Setelah membersihkannya dengan hati-hati, Rosa meletakkan gelas bening kebiruan itu terpisah dari yang lain.

Mulai sekarang, tidak boleh ada yang memakai gelas itu kecuali dirinya atau Felzein, jika suatu hari nanti dia datang lagi.

Rosa kemudian masuk ke kamarnya dan merebahkan diri di atas tempat tidur.

Dia mencoba memejamkan mata, tetapi bayangan wajah Felzein terus muncul di pikirannya, seolah-olah tersenyum lembut di balik masker yang tadi dikenakannya.

Merasa sulit tidur, Rosa meraih ponselnya dan membuka WhatsApp. Jemarinya mengetik pelan-pelan di kolom status.

"Aku bertemu malaikat malam ini."

Setelah menekan tombol kirim, dia meletakkan ponselnya di samping bantal.

Butuh waktu, tetapi akhirnya, dengan hati yang masih berdebar, Rosa pun terlelap.

Tanpa sepengetahuan Rosa, Melati yang belum tidur diam-diam melihat status WhatsApp-nya.

"Ocha... Alhamdulillah," gumamnya pelan, merasa lega sekaligus bersyukur.

Melati bisa menebak bahwa Rosa baru saja mengalami sesuatu yang spesial, mungkin tanpa sadar telah bertemu seseorang yang istimewa.

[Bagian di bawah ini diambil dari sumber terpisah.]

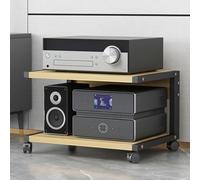2-Tier AV Rack Stand with Wheels Entertainment Shelf for Game Consoles TV Accessories DVD/CD Players Projectors PS5 - Wooden rage Cabinet (50x40x35cm)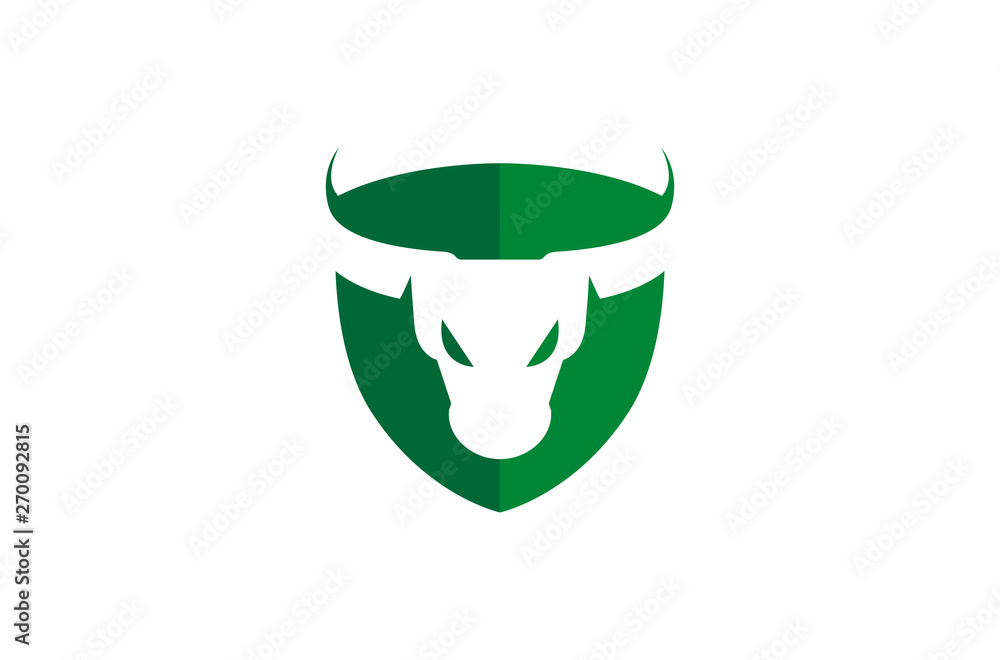 Creative Blue Bull Shield Logo Design Symbol Vector Illustration Creative Blue Bull Shield Logo Design Symbol Vector Illustration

Dia tersenyum kecil, lalu meletakkan ponselnya, masih menyimpan rasa penasaran di dalam hatinya.

Melati kemudian menatap pantulan dirinya di cermin rias, matanya menerawang jauh.

Dengan suara lirih, dia bergumam, "Semoga kekasihmu nanti tidak seperti kekasihku, Cha."

Wajahnya tampak sendu, bayangan kesedihan tergambar jelas di sana.

Perlahan, dia mengusap pipinya sendiri, seolah ingin menghapus jejak luka yang tak hanya terasa di kulit, tetapi juga di hatinya.

Luka tamparan dari Welly, kekasih yang seharusnya mencintainya, tapi entah sudah berapa kali melayangkan tangan kepadanya.

Melati menarik nafas dalam, berharap tak ada seorang pun yang melihat bekas itu.

Sebab, dia sendiri pun ingin berpura-pura bahwa luka itu tidak ada.

Yang lebih penting adalah Rosa, sahabatnya, tidak tahu bahwa dia mengalami sesuatu yang begitu menyakitkan.

Bukan hanya menyakiti hatinya, tapi juga tubuhnya.

Dan Melati tidak ingin Rosa tahu akan hal ini.